Born Edward Muggeridge, Muybridge was a man fascinated by motion, particularly that of the natural world and his sequential photography captured both humans and animals at various stages of movement. These studies proved that for a brief moment during its run all four of a horse’s hooves are in the air at once.
The method Muybridge employed was an early form of animation and he was a pioneer in his field, inventing the first movie projector - the zoopraxiscope (directly translated as “animal action viewer”) in 1879.
Muybridge didn’t stop at his famous galloping horse, he borrowed many different exotic animals from zoos and temporarily took over an entire racetrack in Philadelphia to use as a studio. Muybridge was a vital link between the practices of art and science and his models were captured in all manner of poses so that movement could be fully studied and understood. Often he made his human subjects walk on all fours and the stilted nature of these particular sequences when animated recreates all the eeriness of a Victorian freak show.
Originally a successful bookseller, it was on the suggestion of his doctor when recuperating from a runaway stagecoach incident that Muybridge began to learn professional photography.

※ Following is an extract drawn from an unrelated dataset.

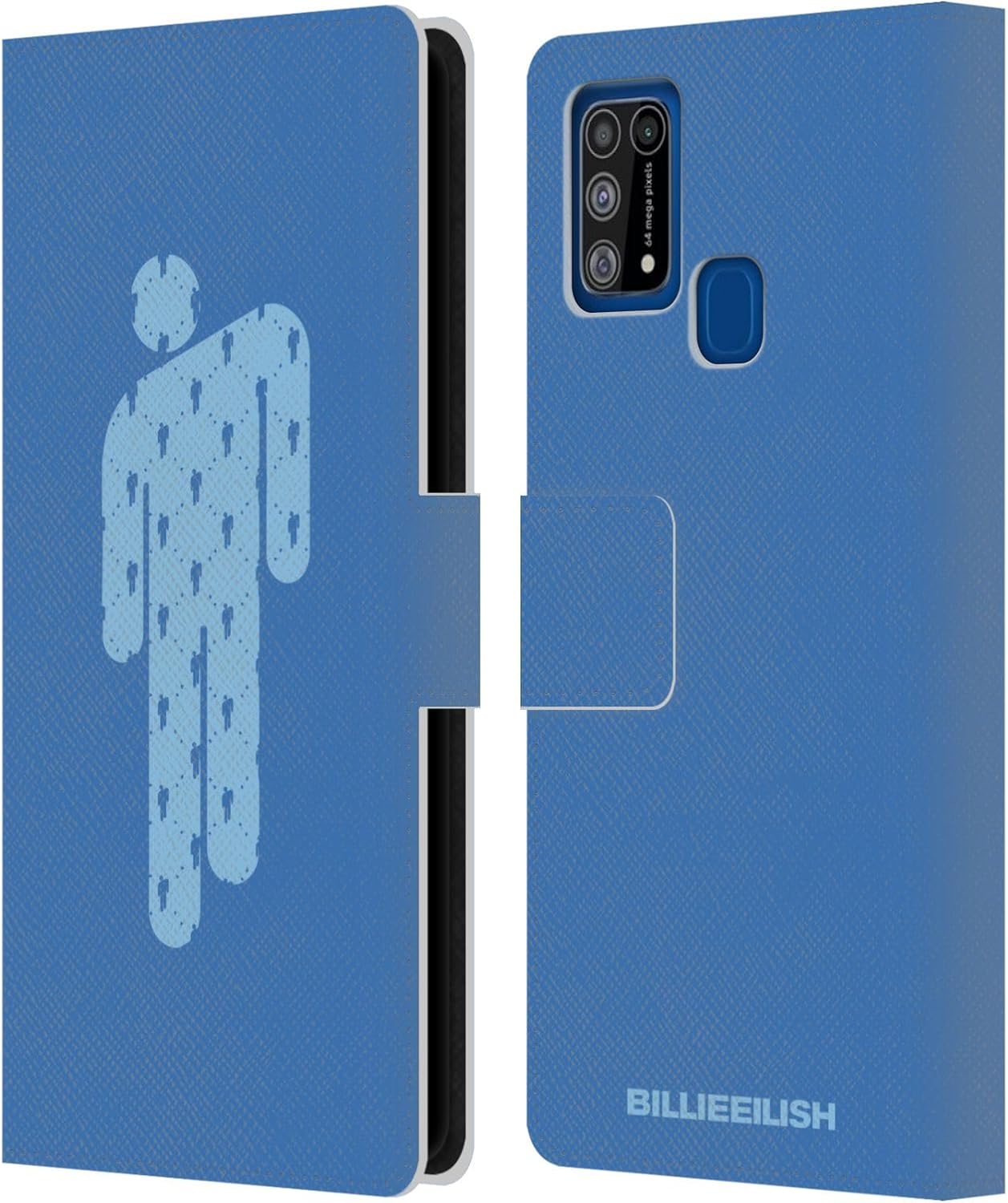 Head Case Designs Officially Licensed Billie Eilish Blohsh Blue Key Art Leather Wallet Case Compatible with Samsung Galaxy M31 (2020)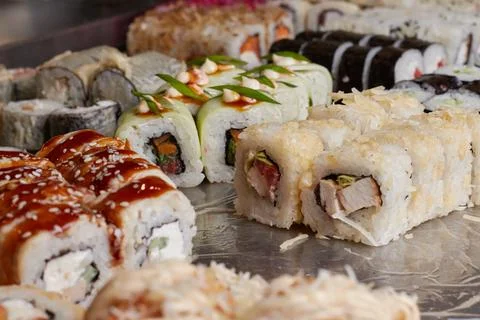 Sushi set on the table, macro, close-up, various sushi and rolls, food, asian Stock Photos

In his ‘flying studio’ (a wagon fitted with a darkroom) Muybridge travelled America documenting natural wonders and exhibiting under the pseudonym of Helios. It was whilst in America that he married Flora, a woman half his age, and together they had a son, Florado Helios. Upon discovering letters between Flora and art critic Major Harry Larkyns wherein Florado is spoken of as ‘Little Harry’, Muybridge became certain that he was not the father of Florado and, prone to risky deeds and emotional explosions as he was, plotted the murder of Larkyns. Tracing Larkyns to his home, Muybridge declared that he had come to deliver his reply to the letter sent to his wife. Muybridge then raised his gun and promptly shot him.
Leland Stanton; a railroad baron who had, immediately prior to the murder, commissioned Muybridge to prove the theory of the airborne horses found and funded Muybridge’s legal representation and even though Muybridge pleaded insanity he was instead acquitted on the rather shaky grounds of “justifiable homicide”.
After he was acquitted Muybridge’s wife soon became ill and died. Muybridge, owing his freedom to his employer, then abandoned his son in an orphanage to concentrate on his motion studies. His eventual successes in the field overshadowed his criminal activity but when Stanton failed to credit Muybridge in the official findings of the study it led to a life plagued by accusations of plagiarism.
Muybridge’s story has been documented in an opera by Philip Glass titled The Photographer, with lyrics from David Byrne.